Die EZB geht allerdings davon aus, dass sie in Zeiten einer normalen wirtschaftlichen Entwicklung die allgemeinen Finanzierungsbedingungen und letztendlich die gesamtwirtschaftliche Entwicklung und die Inflation durch Festlegung ihrer kurzfristigen Leitzinsen tatsächlich steuert. Werden die Leitzinsen verändert, so die Aussage der EZB, dann wirkt sich dies auf die Höhe der Zinssätze aus, zu denen Geschäftsbanken ihren Kunden Kredite gewähren. Die EZB betont aber regelmäßig, dass ihre Geldpolitik nicht in der Lage ist, monetäre Krisen zu bewältigen, die durch strukturelle Verwerfungen verursacht werden.

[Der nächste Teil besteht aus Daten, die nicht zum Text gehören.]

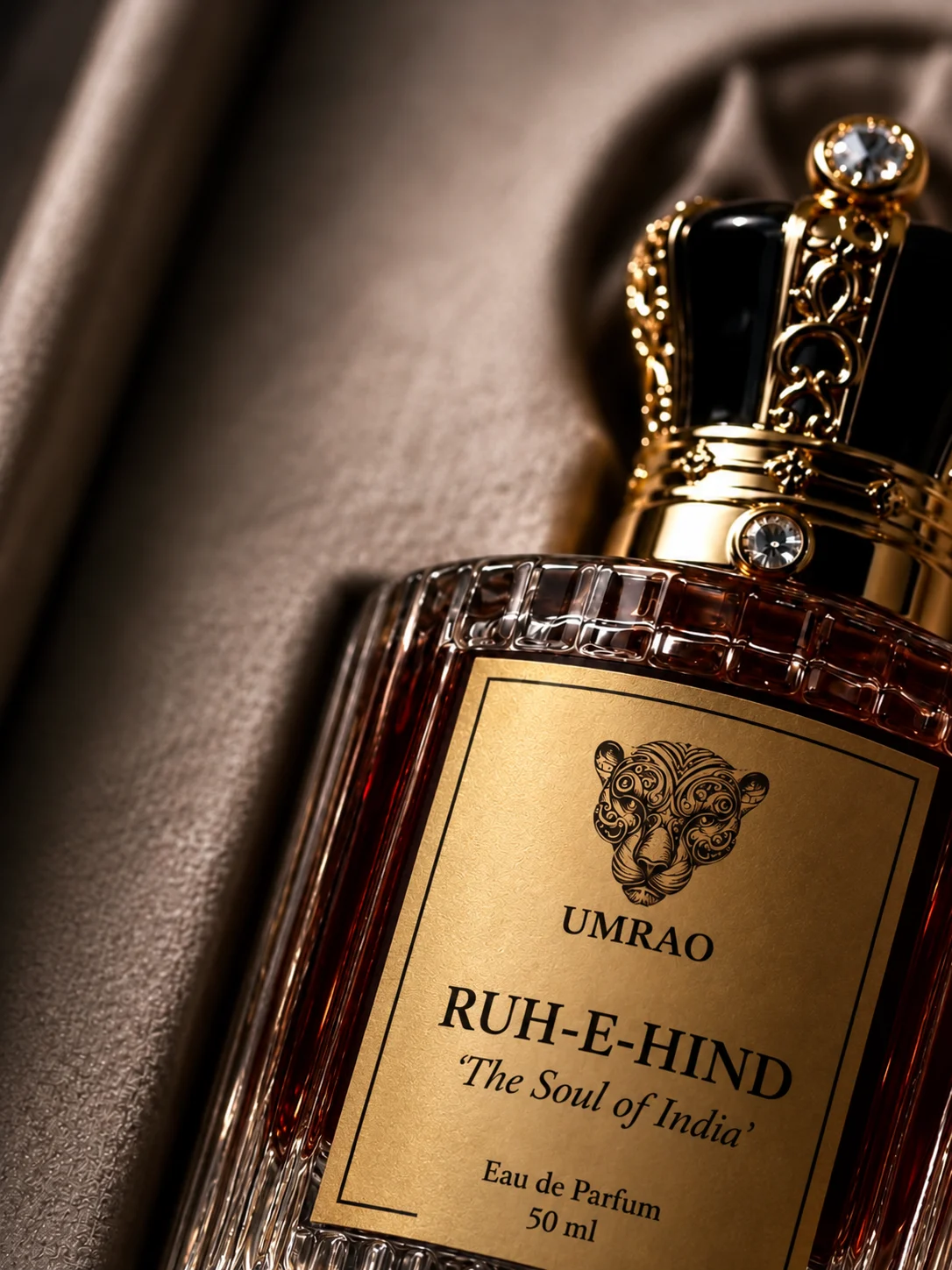 Rooh-e-Hind on velvet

Um Zinsen und Liquidität der Banken zu beeinflussen verwendet die EZB folgende Instrumente:

  • Sie variiert die Zinssätze, zu denen Geschäftsbanken von ihr Geld leihen können, das die EZB selbst schafft: Refinanzierungsgeschäfte. Der Hauptrefinanzierungssatz, dh. Zinssatz für Hauptrefinanzierungsgeschäfte, ist der wichtigste Zinssatz der EZB.
  • Sie variiert den Einlagesatz, den Geschäftsbanken von der EZB bezahlt bekommen, wenn sie Geld bei ihr anlegen: Einlagefaszilitäten. Bis zur Finanzkrise haben die Geschäftsbanken von ihrem Recht, bei der EZB Geld anzulegen und dafür Zinsen zu erhalten, keinen Gebrauch gemacht.
  • Sie könnte die Pflicht der Banken zur Hinterlegung von Mindestreserven variieren, was sie aber nicht tut.
  • In ihrer Offenmarktpolitik kauft und verkauft sie Wertpapiere, nicht zuletzt Staatsanleihen, um dem Markt auf direktem Weg Geld zuzuführen oder zu entziehen. Aber sie gewährt Staaten grundsätzlich keinen Kredit. Wenn Staaten neue Kredite aufnehmen wollen, müssen sie dies auf dem freien Kapitalmarkt tun, der mit dem Zinssatz ihre individuelle Bonität bewertet.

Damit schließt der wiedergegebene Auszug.